Paul R. Correia and Tammie L. Correia (the “Debtors”) appeal from the bankruptcy court’s decision awarding summary *321 judgment to Deutsche Bank National Trust Company, as Trustee Under the Pooling and Servicing Agreement Series ITF INABS-2005-A (“Deutsche Bank”). The Debtors had initiated an adversary proceeding seeking to set aside Deutsche Bank’s post-petition foreclosure of their home. The bankruptcy court concluded that the Debtors were without standing to challenge Deutsche Bank’s compliance with procedures set forth in the contractual arrangement (between and among Deutsche Bank and others, not including the Debtors) governing the transfer of their note and mortgage. We AFFIRM.

BACKGROUND

In 2004, the Debtors executed a promissory note and mortgage in favor of Indy-Mac F.S.B. (“IndyMac”) as security for a loan. The documents specifically provided that the Debtors were granting the mortgage to Mortgage Electronic Registration Systems, Inc. (“MERS”), as nominee for IndyMac, and its successors and assigns. In the definition section, MERS is described as “the mortgagee under this Security Instrument.”

Approximately eight months later, Indy-Mac transferred the note, endorsed in blank by a vice president, to Deutsche Bank. MERS continued to hold the mortgage, now for Deutsche Bank’s benefit. Subsequently the Debtors’ note and mortgage were combined with other notes and mortgages and deposited into a trust titled “Home Equity Mortgage Loan Asset-Backed Trust Series INABS 2005-A” (the “Trust”).

The Trust was created under a Pooling and Servicing Agreement dated March 1, 2005 (the “PSA”), and shares were subsequently issued. Under the PSA, Deutsche Bank was appointed the trustee; IndyMac, ABS was defined as the depositor; and IndyMac was the servicing agent for the mortgage.
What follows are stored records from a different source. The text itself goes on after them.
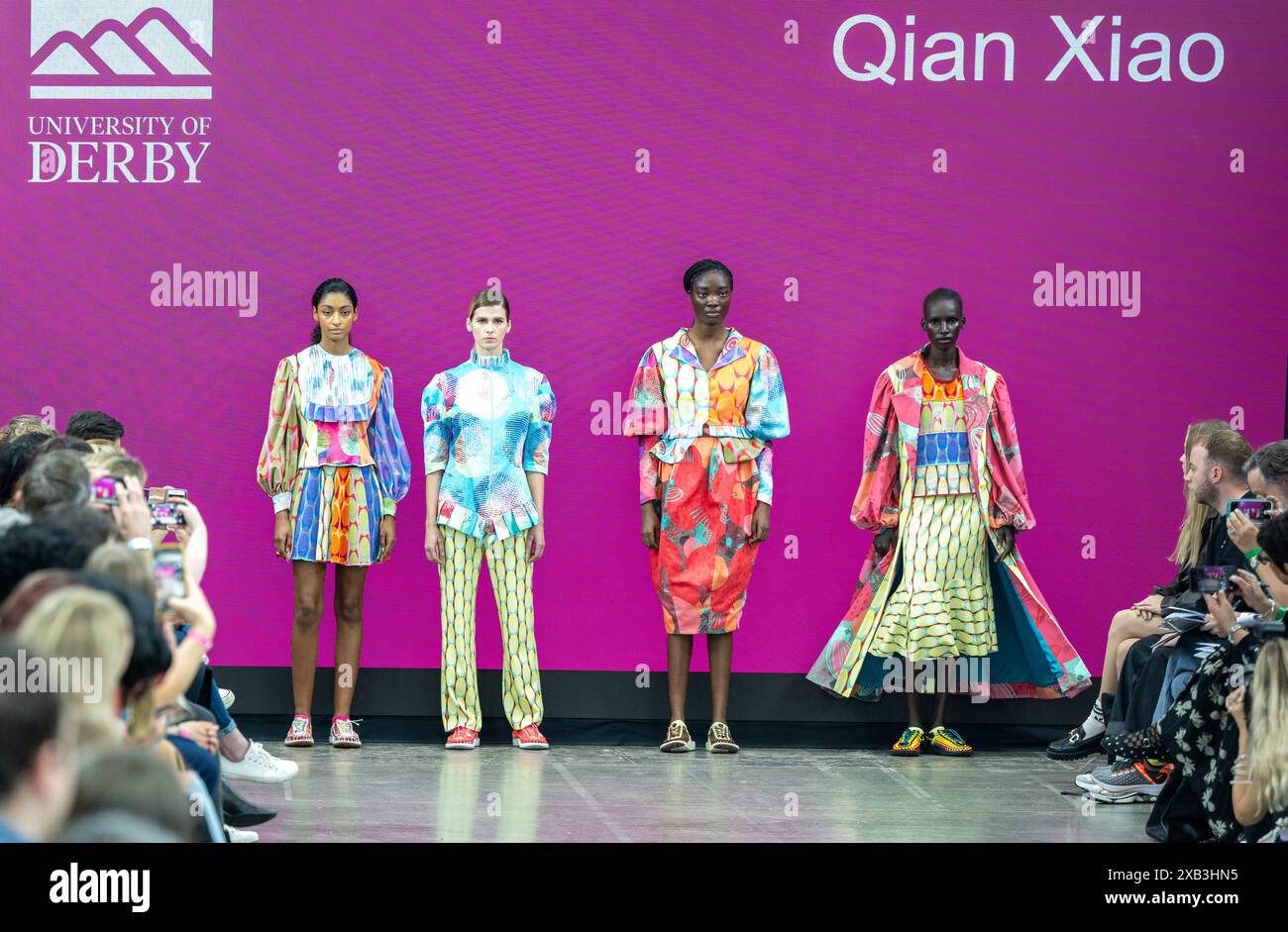 Londra, Regno Unito. 10 giugno 2024. Laurea Fashion WEEK 2024 Birmingham City University e University of Derby Catwalk show crediti: Ian Davidson/Alamy Live News Foto Stock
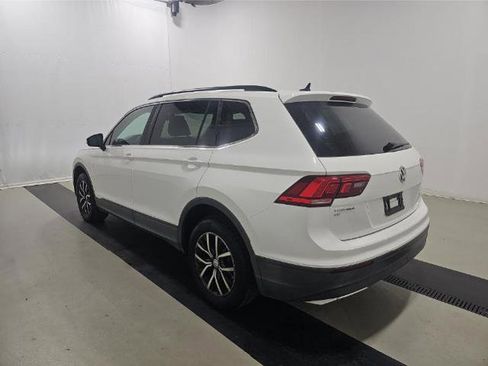 Used 2019 Volkswagen Tiguan SE w/ Panoramic Sunroof Package image 3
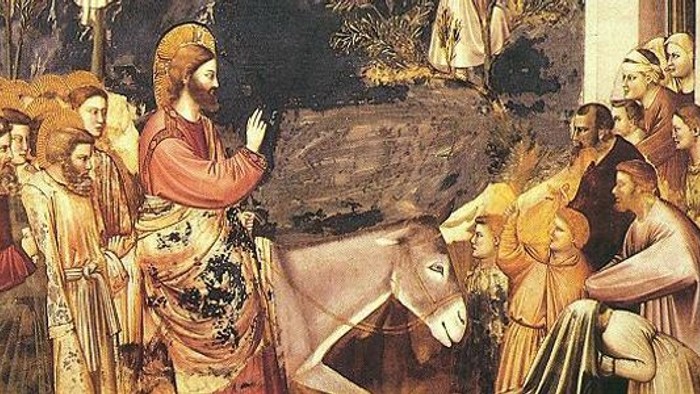 Middelalderlig religiøs scene, der viser Jesus, som rider ind i Jerusalem på et æsel omgivet af følgere og tilskuere.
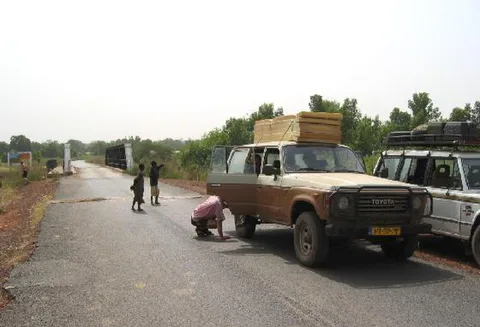 Toyota Land Cruiser (J60) — 3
Thus, IndyMac held the note for the benefit of Deutsche Bank as trustee.

The Debtors defaulted on their mortgage in 2006, and filed a petition for relief under Chapter 13 of the Bankruptcy Code 1 on January 17, 2007. Their case was converted briefly to Chapter 7 in March, but was reconverted to Chapter 13 in May 2007. While the case was in Chapter 7, IndyMac filed for, and was granted, relief from the automatic stay to pursue foreclosure.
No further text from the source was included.